Monday, Sep. 04, 1944

The Cornered Becst

Not since the blitz had London taken so savage a beating. At dawn, at dusk, in fog, sunlight and darkness the robombs roared across the Channel, streaked through ack-ack and balloon cable defenses, pounded more of the city into debris.

Between salvos, weary, grimy A.R.P. squads cleared rubble, fought fires, dug out the dead and the living in the worst seven days of the robomb terror. Statisticians totted up averages: each day 108 one-ton robombs were mauling southern England (which meant mostly London), each day they destroyed or damaged 17,000 houses. Only half as many civilians (2,441 a month) were being killed as in the blitz's bloodiest days, but the proportion of seriously injured stood higher. At week's end the capital had a 30-hour respite, broken when a fresh wave of robombs buzzed from new directions.
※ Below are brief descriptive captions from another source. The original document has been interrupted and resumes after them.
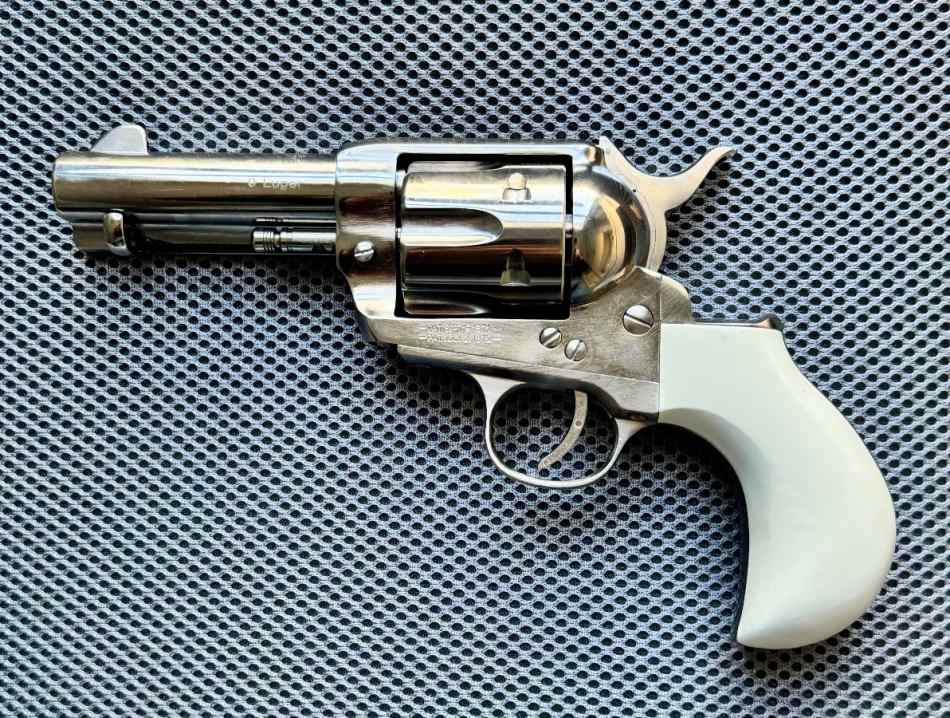 Pieta single action 9mm revolver by Taylor &amp; Co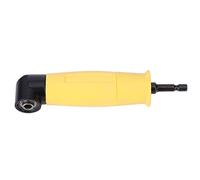 Stylebest Adaptateur D'angle de Tournevis, Accessoire de Perceuse électrique Durable à 90 ° pour Espaces étroits 6.61mm en Plastique et Acier Inoxydable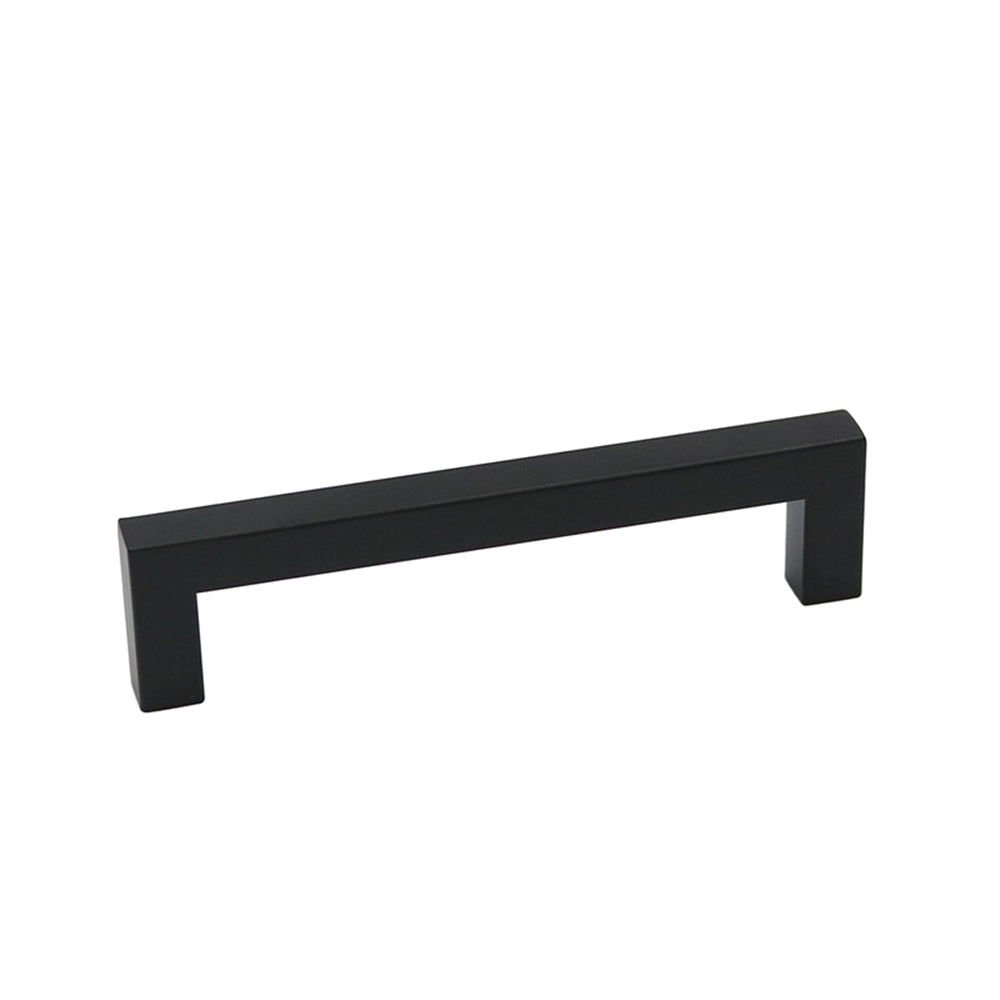 10 Pack 5 Inch(Center to Center) Matte Black Kitchen Cabinet Handles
Britons had never hated the enemy as they did now, or lived in a more ironical compound of hope & fear. Anyone could see that Jerry was licked. But though he could not win by it, he was slamming over every flying bomb he had on hand before the Allied troops swept him out of France, took his launching sites. Soon he might be sending over even bigger, deadlier robombs from sites in the Low Countries or Germany. Said Health Minister Henry U. Willink, standing amid ruins:

"We have to expect that these dangers will continue for some time--cornered beasts are vicious."